* [Task objective]: What you return should match the listing exactly, minus its images.

---------- Data listing ----------

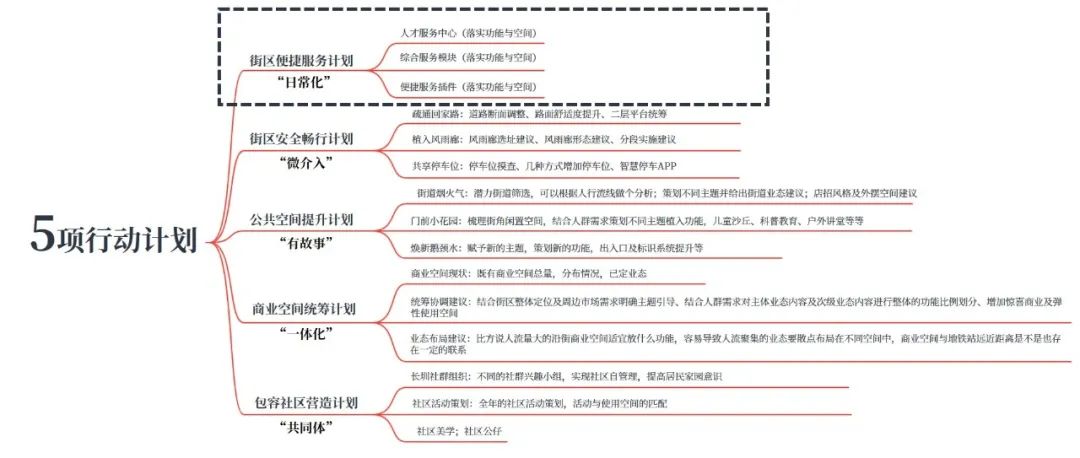 人居环境和营商环境综合视野之下的城市公共空间综合运营深度实践 人居环境和营商环境综合视野之下的城市公共空间综合运营深度实践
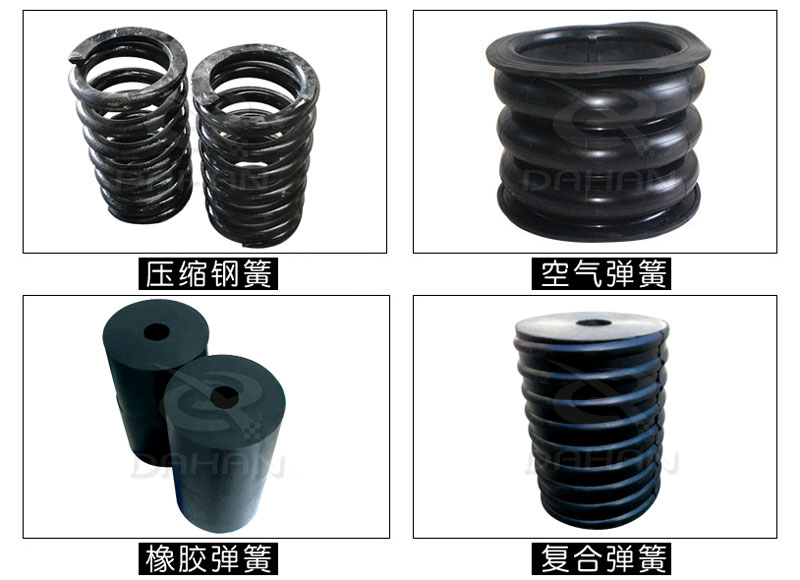 減震彈簧分類
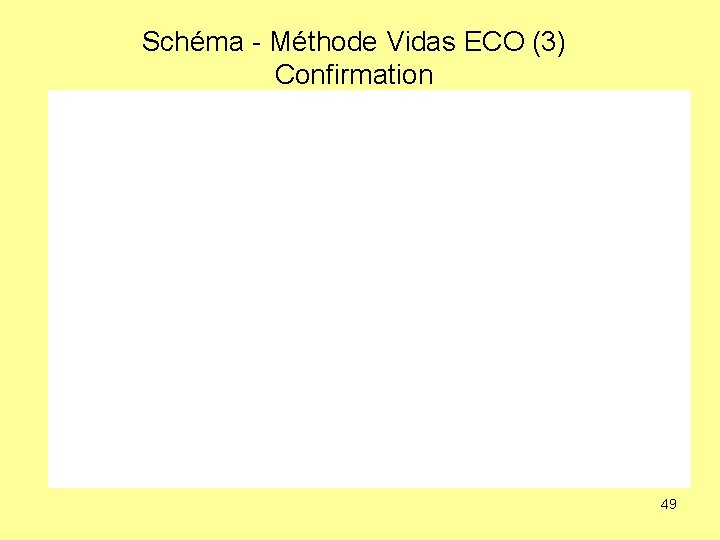 Schéma - Méthode Vidas ECO (3) Confirmation 49 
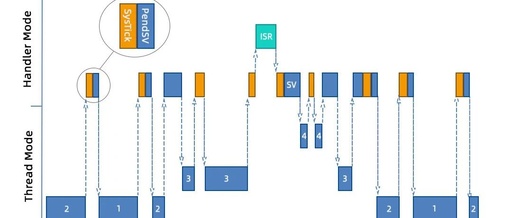 Understanding RTOS Operation Mechanism Through Video Tutorials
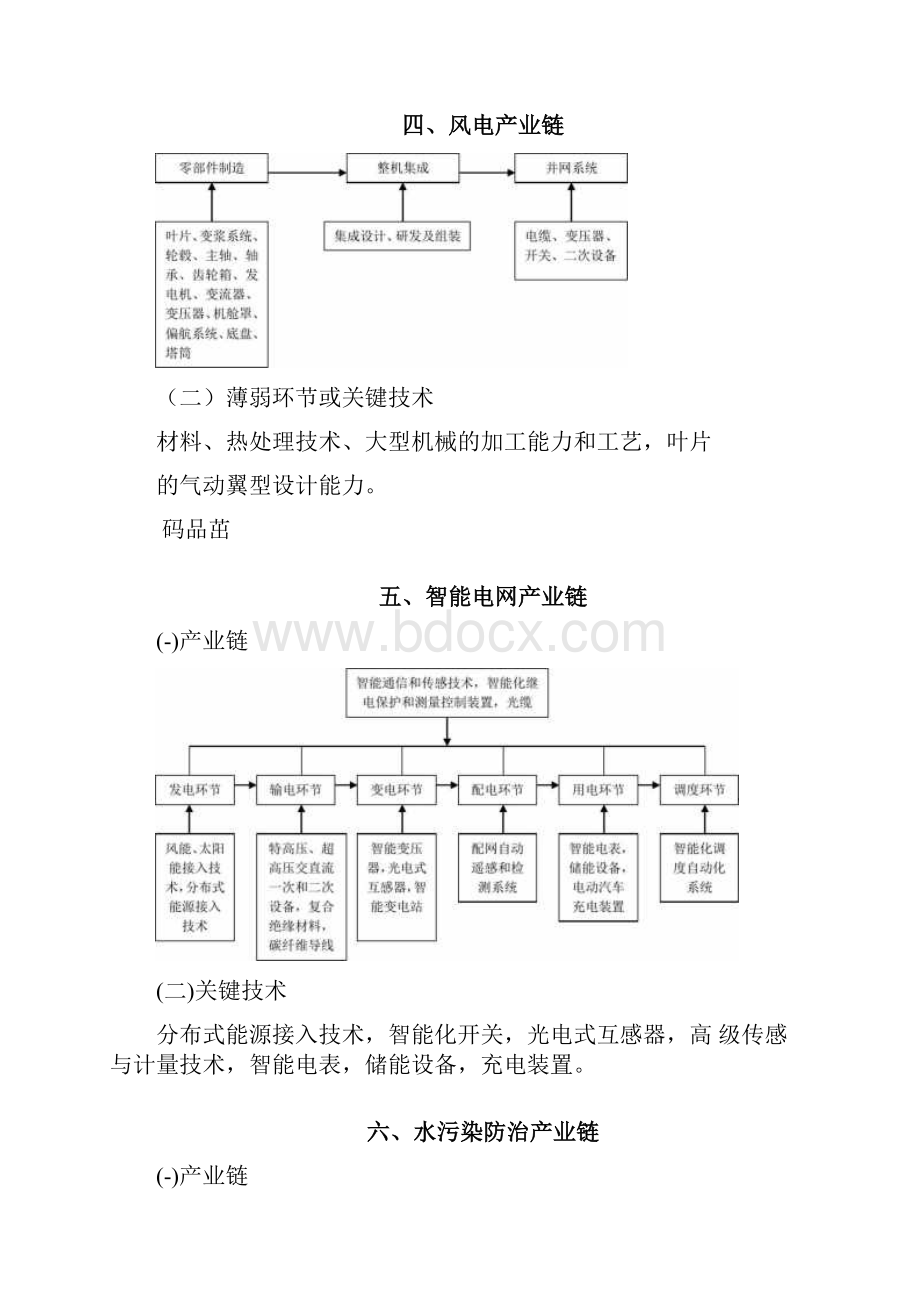 工程机械产业链.docx_第3页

----------

* [Exercise response]:
 人居环境和营商环境综合视野之下的城市公共空间综合运营深度实践 人居环境和营商环境综合视野之下的城市公共空间综合运营深度实践
 減震彈簧分類
 Schéma - Méthode Vidas ECO (3) Confirmation 49 
 Understanding RTOS Operation Mechanism Through Video Tutorials
 工程机械产业链.docx_第3页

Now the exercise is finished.